But the New America Foundation’s similar dataset, complied by analysts Peter Bergen and Katherine Tiedemann, shows drastically different results. They too rely on news reports, but they estimate the civilian fatality rate to be only 20 percent on average since 2004. Moreover, they show this percentage is shrinking over time. Unlike Pakistan Body Count, Bergen and Tiedemann code any individuals whose status is unknown as “militants” rather than civilians. A report from the Jamestown Foundation comes up with an even lower number by excluding all men and teenage boys from the “civilian” category — a problematic maneuver from a war law perspective. It’s not hard to see why the totals end up being different.
An even bigger problem with all these estimates, however, is that they do not measure actual deaths but rather “reported deaths,” relying on news reports. Not all journalists, however, are trained to accurately distinguish civilians deaths from combatants. Reports often conflate militants with “suspected militants” and pool them in the same category, an assumption that discounts civilian casualties. Numbers in media reports are also sometimes vague, leaving it to the discretion of the number crunchers how to interpret them. (Pakistan Body Count translates the term “many civilians” into eight and “several civilians” into four.) Moreover, many of these reports draw on statements by the governments that are doing (or facilitating) the bombing — governments that have an incentive to minimize civilian casualty counts.
Ultimately, the problem here is bigger than drones. It is the absence of a global regime for systematically estimating how many civilians suffer deaths and injuries due to incidental harm from military operations in general. Knowing whether drones constitute the best tool for conducting certain operations requires more than counting drone-strike casualties. The question is not how much collateral damage drones cause, but whether that damage is greater or less than that from aerial attacks by manned aircraft or from ground troops.

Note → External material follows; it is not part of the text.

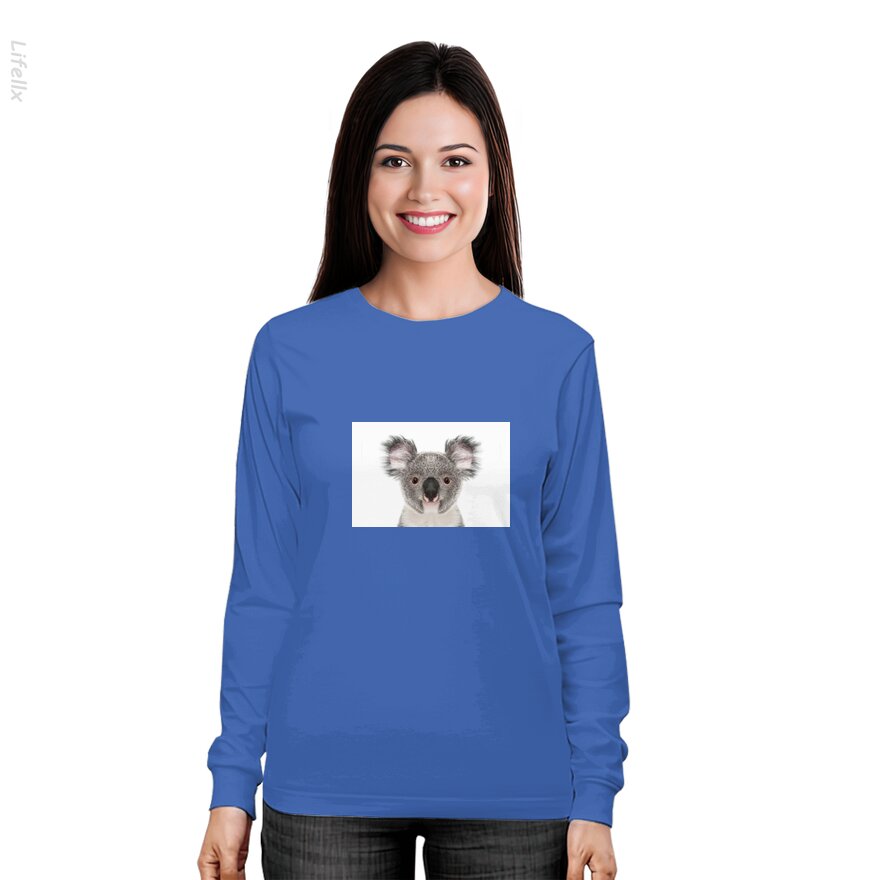 Koala Bear Portrait Long Sleeves By @Silviaro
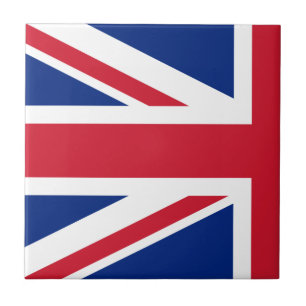 Half Union Jack Tile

Such data is necessary to make the case that drones either are or aren’t a suitably discriminate weapon. The world needs a standardized reporting system for tracking civilian and combatant deaths globally in order to really understand the effects of different weapons technologies on civilians. Only then can we have an informed debate about how to minimize war’s impact on civilians — while enabling governments to use force when necessary and legitimate. Until then, we’re really just guessing.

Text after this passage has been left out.